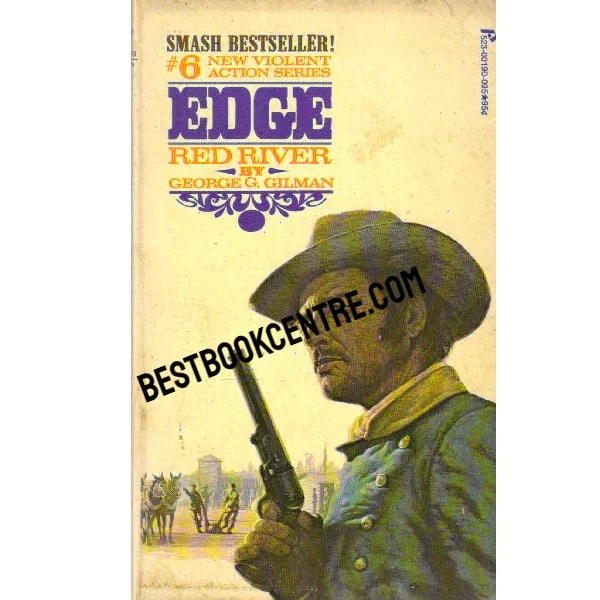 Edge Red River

---

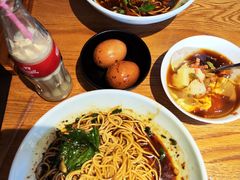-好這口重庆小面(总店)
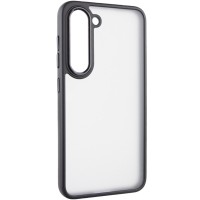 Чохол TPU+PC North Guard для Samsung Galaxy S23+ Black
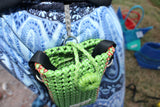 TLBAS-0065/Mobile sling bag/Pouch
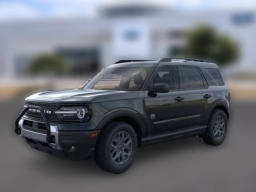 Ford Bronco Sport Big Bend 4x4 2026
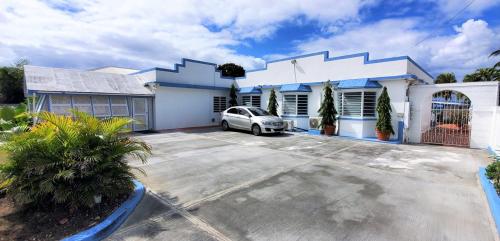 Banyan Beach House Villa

...

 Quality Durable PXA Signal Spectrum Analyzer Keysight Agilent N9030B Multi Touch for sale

## Work order
Using the data above, set down each line from the line with "TLBAS-0065/Mobile sling bag/Pouch" to the line with "Banyan Beach House Villa" exactly, both ends included, and leave the pictures behind. Nothing else belongs.

## Completed task
 TLBAS-0065/Mobile sling bag/Pouch
 Ford Bronco Sport Big Bend 4x4 2026
 Banyan Beach House Villa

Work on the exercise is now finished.